═══ Extracted material
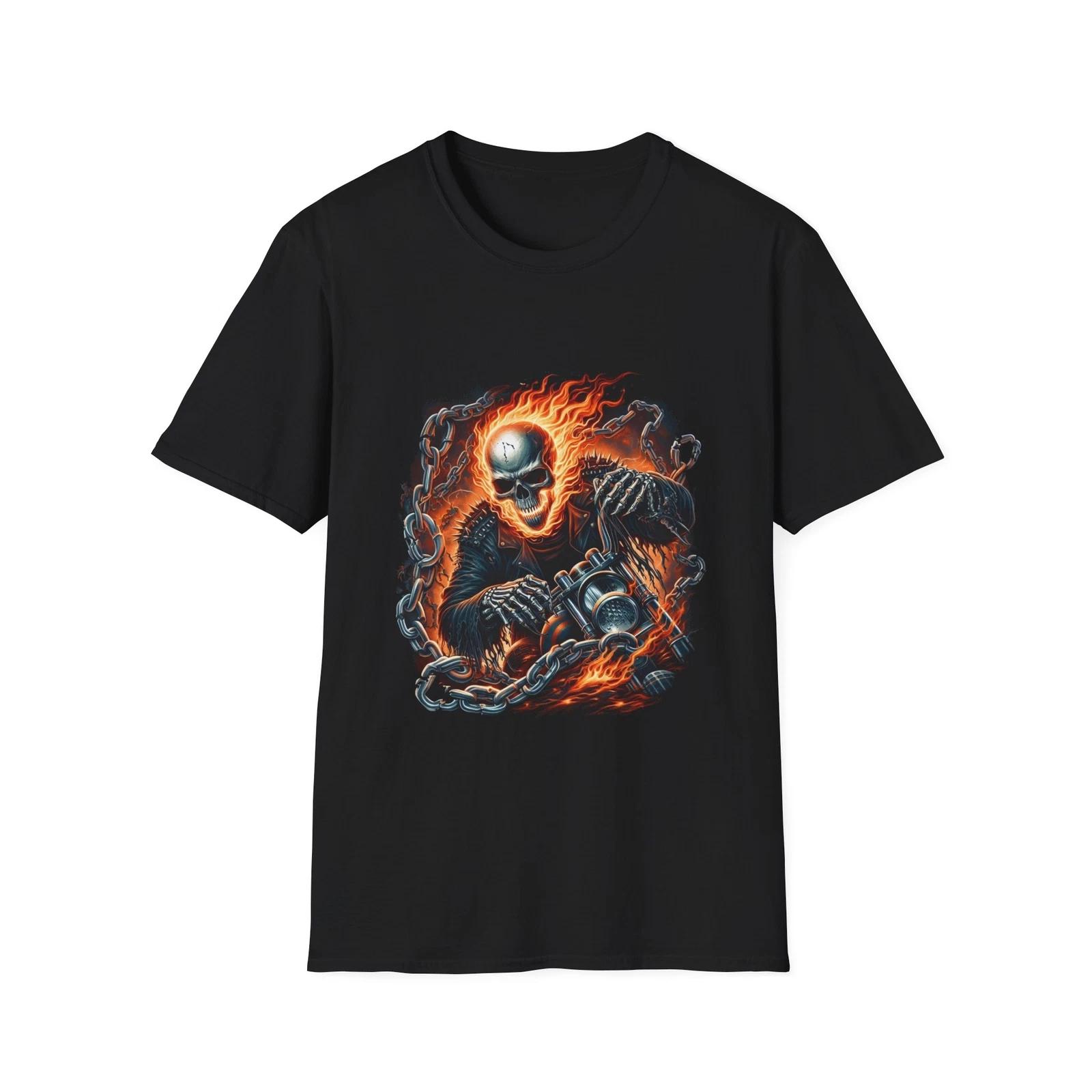 Men s and Women s T-shirts Ghost Rider Horror T-Shirt - Fiery Supernatural Horror Graphic Tee XXXL
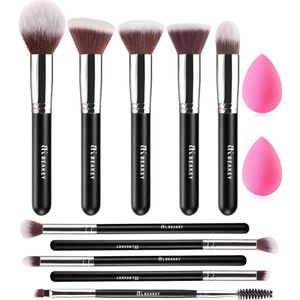 Make-upborstelset Premium synthetische Kabuki Foundation gezichtspoeder Blush Oogschaduwborstels Makeupborstelset met Blender Spons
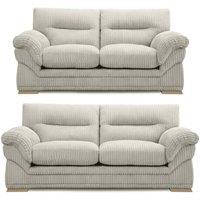 Bliss Furniture Amalfi 3+2 Seater Claude Sofa Modern Plush Fabric in Silver | Size: 5 Pack
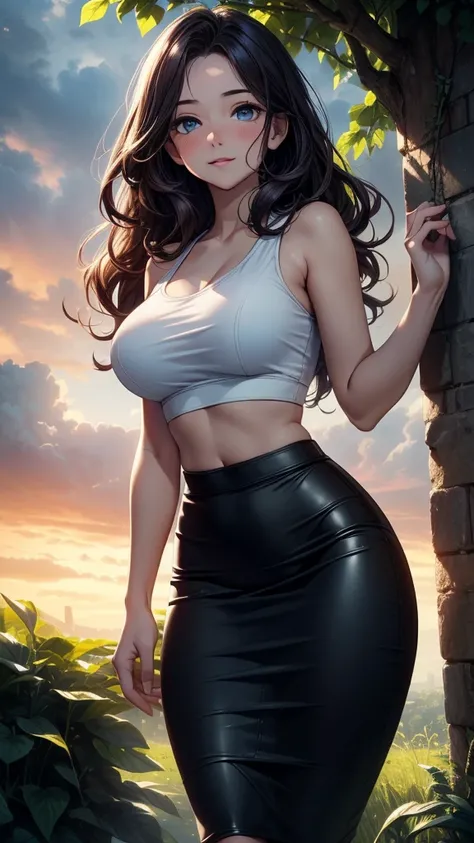 (((((masterpiece, best quality, high detail))))), beautiful woman, bright blue eyes, full-face blush, smile, solo focus, (large breasts), long ((wavy hair)), (dark purple hair), (white tank top crop top), (black) maxi pencil (((((skirt))))), (((long skirt)...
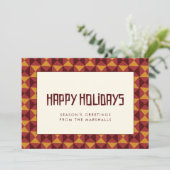 Cartes Pour Fêtes Annuelles Joyeuses fêtes motif Rétro milieu du siècle (Debout devant)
══════
- _Your instructions_:
No pictures should appear in the copy, which holds exactly the lines from the first line of the data through the line with "(((((masterpiece, best quality, high" and nothing else.

- _Expected answer_:
 Men s and Women s T-shirts Ghost Rider Horror T-Shirt - Fiery Supernatural Horror Graphic Tee XXXL
 Make-upborstelset Premium synthetische Kabuki Foundation gezichtspoeder Blush Oogschaduwborstels Makeupborstelset met Blender Spons
 Bliss Furniture Amalfi 3+2 Seater Claude Sofa Modern Plush Fabric in Silver | Size: 5 Pack
 (((((masterpiece, best quality, high detail))))), beautiful woman, bright blue eyes, full-face blush, smile, solo focus, (large breasts), long ((wavy hair)), (dark purple hair), (white tank top crop top), (black) maxi pencil (((((skirt))))), (((long skirt)...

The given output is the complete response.